Blessing No 1: I have been away on leave and returned to work recently suitably refreshed and looking forward to getting back into the humdrum of things. I was however not looking forward to the usual pile of emails that one encounters when going back to work, many of which are already historical and already sorted out over the period I was away. Thanks to the power of the internet and technology, I was able to access my official email while I was away on leave and was able to delete those emails that were inconsequential or informatory and that I was sure had already been sorted out together with those junk emails that somehow sneak into your mailbox despite the best efforts and the firewalls put in place by the ICT administrator. My emails were therefore suitably culled by the time I reported back to work.

Blessing No. 2: Suffice is to say that it was time well spent partly at the coast enjoying a well deserved quiet break away from the hustle and bustle of the big city and partly catching up with my long ignored golf game that has seen my handicap plummet from a low of 8 to a high of 11 over the last 6 months or so. My Facebook friends based in Mombasa were not happy that I had chosen to keep a low profile while in their neck of the woods and had given them a news blackout until I was at the airport about to board my flight back to Nairobi.

I also learnt a thing or two over the period that I was on my self imposed exile from the office that not reading a newspaper will not kill you nor will ignoring the evening news on Citizen or KTN that has the usual sickening politics that is the staple food of many Kenyans 24-7-365.

Blessing No. 3: Over the 3 weeks that I was away, the access roads in the vicinity of my office have been patched up and traffic flow is much improved.

Blessings Nos. 4 & 5: It is also expected that bank interest rates for which we bankers have been vilified for too long will start coming down (some of the players have already announced this and others are expected to follow suit). The price of fuel went down greatly during the last review effective Sunday 15th July and the price of everything else, common sense and a public spirit prevailing, should also come down over time.

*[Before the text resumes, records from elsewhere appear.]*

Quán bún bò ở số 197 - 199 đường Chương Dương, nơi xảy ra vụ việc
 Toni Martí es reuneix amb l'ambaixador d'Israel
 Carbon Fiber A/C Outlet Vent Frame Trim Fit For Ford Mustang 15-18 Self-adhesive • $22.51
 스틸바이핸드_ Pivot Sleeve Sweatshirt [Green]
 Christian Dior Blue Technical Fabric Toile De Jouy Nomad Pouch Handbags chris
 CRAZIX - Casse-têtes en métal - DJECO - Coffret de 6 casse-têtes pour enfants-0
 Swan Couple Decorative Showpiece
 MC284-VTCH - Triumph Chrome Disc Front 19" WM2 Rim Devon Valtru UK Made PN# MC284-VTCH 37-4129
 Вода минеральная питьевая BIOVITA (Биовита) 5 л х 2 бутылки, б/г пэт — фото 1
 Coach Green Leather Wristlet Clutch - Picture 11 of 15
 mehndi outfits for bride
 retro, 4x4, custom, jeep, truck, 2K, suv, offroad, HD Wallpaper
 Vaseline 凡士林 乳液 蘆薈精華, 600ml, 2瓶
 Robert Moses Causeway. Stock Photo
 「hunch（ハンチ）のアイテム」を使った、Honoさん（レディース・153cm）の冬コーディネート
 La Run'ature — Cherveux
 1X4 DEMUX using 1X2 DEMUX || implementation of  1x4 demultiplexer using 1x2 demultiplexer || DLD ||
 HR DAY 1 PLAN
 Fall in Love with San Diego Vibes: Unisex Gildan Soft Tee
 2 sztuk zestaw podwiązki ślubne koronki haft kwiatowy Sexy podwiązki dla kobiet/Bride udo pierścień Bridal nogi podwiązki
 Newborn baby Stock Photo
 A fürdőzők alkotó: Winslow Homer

Blessing No. 6: We also got to host some German ladies who were in the country courtesy of my wife and her fellow members of the Soroptomist International, Milimani Club and the insights that they brought and the lively discussions we had about the differences between our respective countries and cultures was eye opening. They have promised to host us next year in Berlin should we choose to go there in July 2013 when they hold their international conference in that city and then accomodate us in their homes in Witten a city of 100,000 located in Central Germany.

Blessing No. 7: My daughter was involved in an accident over the weekend where the matatu that she was travelling in started to over heat leading to the driver of the vehicle jumping out as it was still moving. In the ensuing confusion and panic, she was pushed out of the matatu by an impatient fellow passenger where she fell on the tarmac and lost conciousness.

Blessing No 8: Thankfully, a passing commercial ambulance stopped to assist the injured passengers (my daughter and a friend) administered First Aid to them and rushed them to Aga Khan Hospital where they were treated and discharged but not before giving my wife and my other daughter a fright of their lives as one of the friends accompanying my daughter panicked when she went into unconciousness and reported that she had died when she called them to inform them of the accident!!

Final Blessing: Being able to have the gift of family and friends who were there for us and my daughter after the aforementioned accident (let's call it an incident). Though she is still in pain and on drugs and with bandages where she was hurt  and has been given one week off by the doctors, she will recover fully healed and return to college as soon as possible.

Remember to stop and count your blessings as you go about your lives because they are many.